Vor einigen Tagen erschien in der International New York Times ein kurzer Bericht darüber, dass sich E-Books auf dem europäischen Buchmarkt vor allem im Vergleich zu den Buchmärkten der USA und in Großbritannien nur in geringem Maße durchgesetzt haben. (Heyman, 2014) In Deutschland liegt der Marktanteil elektronischer Bücher ebenso wie in Italien derzeit laut Artikel bei unter vier Prozent. Interessant ist dabei, dass auch dort, wo eine nur zögerliche Etablierung des Mediums zu beobachten ist, doch von Land zu Land unterschiedliche Gründe vorliegen. Der im Artikel zitierte Rüdiger Wischenbart erläutert, dass beispielsweise in Schweden eine sehr gute Versorgung mit E-Books seitens der öffentlichen Bibliotheken dazu führt, dass E-Books ausgeliehen und nicht gekauft werden. Für andere europäische Länder betont er als Ursache neben der Frage der Preisgestaltung die soziokulturelle Konnotation von Print:

“When you read a book, you define yourself as being part of a cultural elite, and that elite is very conservative,” he said. “They don’t want their high status to be undermined by some new gadget.” (Heyman, 2014)

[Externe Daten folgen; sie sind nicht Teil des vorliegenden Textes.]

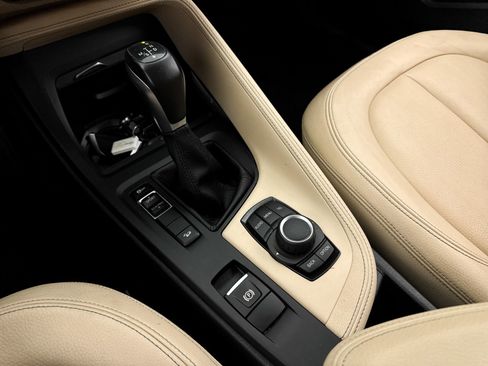 Used 2017 BMW X1 xDrive28i image 21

Eine Anschlussthese, dass dieser Status fast zwangsläufig besonders intensiv unter Absolventen geisteswissenschaftlicher Studiengänge und damit unter den GeisteswissenschaftlerInnen verbreitet ist, dürfte sehr nahe liegen. Unterstützt wird dies von der oft außerordentlich hohen Qualität von Printausgaben zum Beispiel bei Kunstkatalogen, die, wie auch der Kunstwissenschaftler Horst Bredekamp vergangenen Donnerstag bei einer Podiumsdiskussion betonte, gerade durch digitale Gestaltungs- und Entwurfsverfahren möglich wird. Print entfaltet sich erstaunlicherweise direkt wegen der digitalen Technologien so vielgestaltig wie vielleicht niemals zuvor in der Druckgeschichte.